** The input follows **

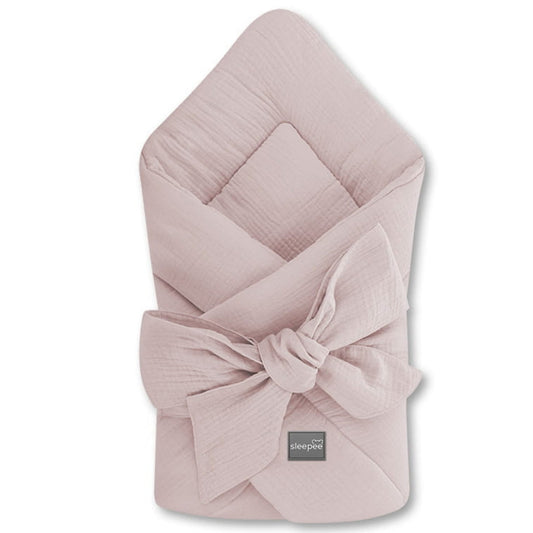 Saco Capazo Bebé Muselina Premium Grey_0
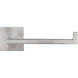 Bishop 7 inch Brushed Nickel Toilet Paper Holder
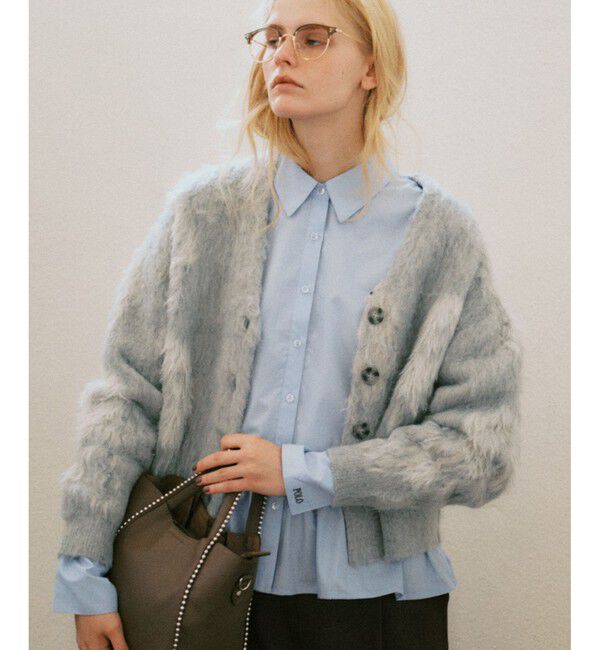 VIS「【POLO BCS】VIS別注ペプラムデザインシャツ」|シャツ・ブラウス|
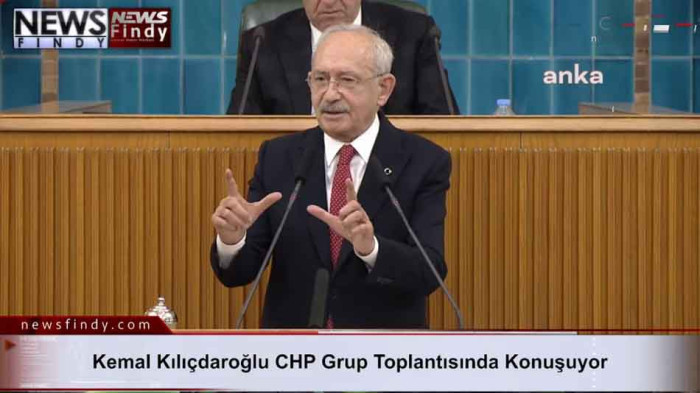 Kemal Kılıçdaroğlu CHP Grup Toplantısında Konuşuyor 3.1.2023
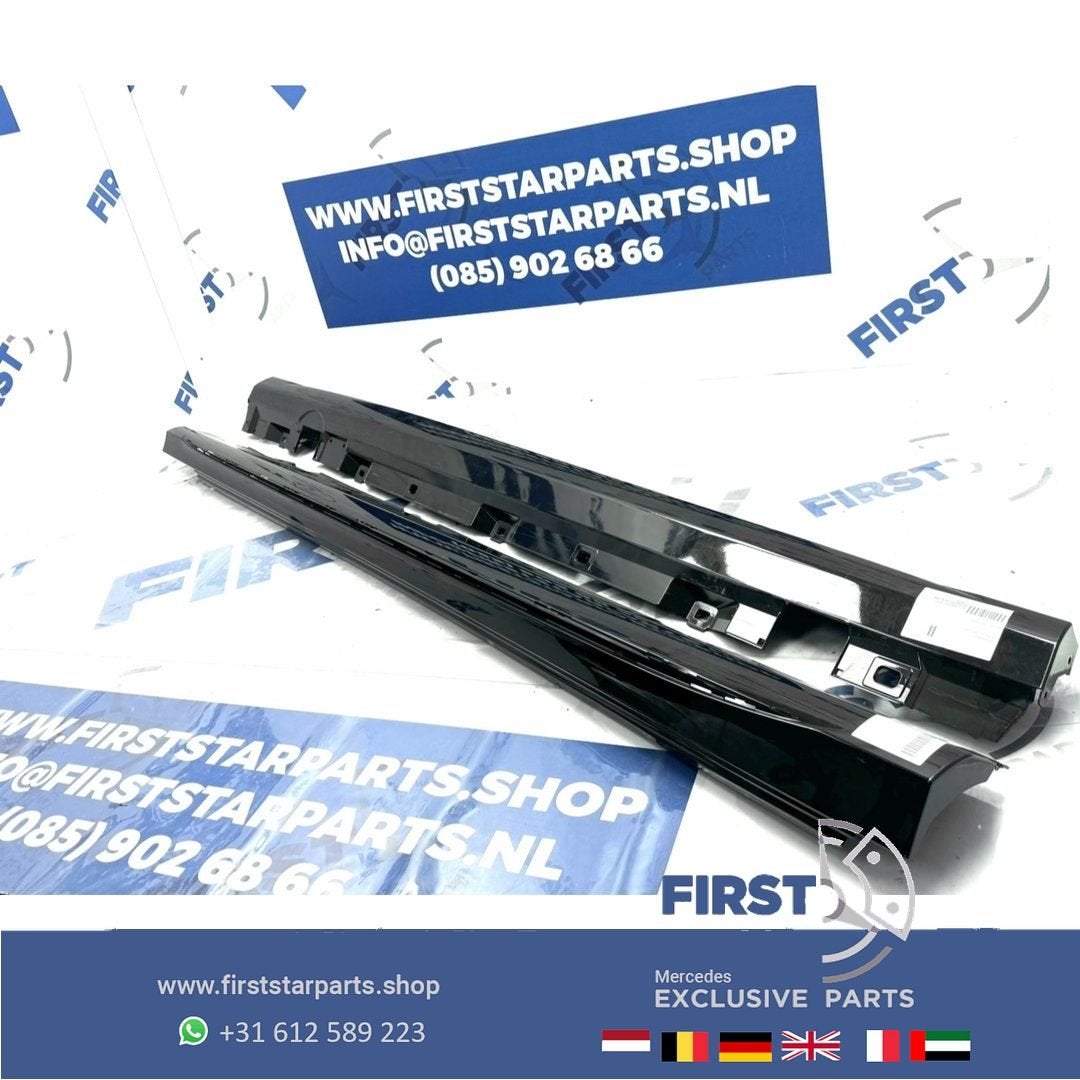 W177 V177 A KLASSE A35 A45S AMG ZIJSKIRT SET A1776980400 DOR, Utilisé, -, -, Enlèvement ou Envoi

** End of The input **

» Work item: Quote the material above exactly, from the line holding "Kemal Kılıçdaroğlu CHP" through its last line, including both. Omit the pictures.

» Answer below:
 Kemal Kılıçdaroğlu CHP Grup Toplantısında Konuşuyor 3.1.2023
 W177 V177 A KLASSE A35 A45S AMG ZIJSKIRT SET A1776980400 DOR, Utilisé, -, -, Enlèvement ou Envoi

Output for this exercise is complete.